(CNN)After three years of his chaotic presidency, President Donald Trump has made nostalgia a big, bold idea among Democrats. This is one of the secrets to former Vice President Joe Biden’s ongoing success in the polls. The President, with the full support of his party in Congress, has pushed politics so far off-kilter that Americans are desperately yearning for normalcy in the Oval Office.
On paper, Biden is not offering anything very dramatic. He himself embodies an older vision of the Democratic Party, in contrast to the slate of women, African Americans and Latinos who have made inroads in both the presidential race and in Congress. While his campaign has put forward a series of policy promises that aim to expand on President Barack Obama’s domestic record, he often talks about a return to some kind of better past.
Biden has called for Democrats and Republicans to work together again.

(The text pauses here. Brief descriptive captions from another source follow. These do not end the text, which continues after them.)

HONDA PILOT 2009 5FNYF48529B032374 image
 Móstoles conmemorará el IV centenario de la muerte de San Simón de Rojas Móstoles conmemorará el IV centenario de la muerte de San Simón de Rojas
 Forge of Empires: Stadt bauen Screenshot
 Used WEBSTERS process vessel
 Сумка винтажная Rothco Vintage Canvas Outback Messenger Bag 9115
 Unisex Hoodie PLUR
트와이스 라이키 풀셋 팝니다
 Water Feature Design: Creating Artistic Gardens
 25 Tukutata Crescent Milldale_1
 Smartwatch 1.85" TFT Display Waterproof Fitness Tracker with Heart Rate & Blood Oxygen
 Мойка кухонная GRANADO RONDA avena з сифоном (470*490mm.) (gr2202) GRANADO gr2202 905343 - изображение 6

During the debate this week, he said that while he has “no love” for Republicans who attacked his family, “the fact is, we have to be able to get things done.” Biden has frequently repeated a key tenet of his campaign: “We’re in a battle for the soul of America.” In doing so, he often talks about traditional American values that he respects and would champion as commander-in-chief. Even his “no malarkey” bus tour, which has been thoroughly mocked by younger generations, takes us back in time with the use of outdated slang.
Progressive critics point out that these promises evoke a past that no longer exists (and in many cases, never existed) and thus misleads voters into thinking that our country is in better shape than it is. His calls for bipartisanship, for instance, have rightly been met with deep skepticism given the radical outlook of a GOP that hasn’t shown any interest in reaching across the aisle for several decades. Biden appeals to our better angels, but the Trump era has shown that those angels are too often absent from our polity.
But the criticism isn’t undercutting Biden as much as it might in different times. And the reason is the President. Trump has blown up an already volatile political atmosphere with the way he governs. His vitriolic tweets, his aggressive use and abuse of presidential power, his punitive policies, his smashmouth attacks on opponents and his total disregard for the conventions and norms of Washington have created a toxic atmosphere where everything feels upended. To many Democrats, the nation is in a true state of crisis.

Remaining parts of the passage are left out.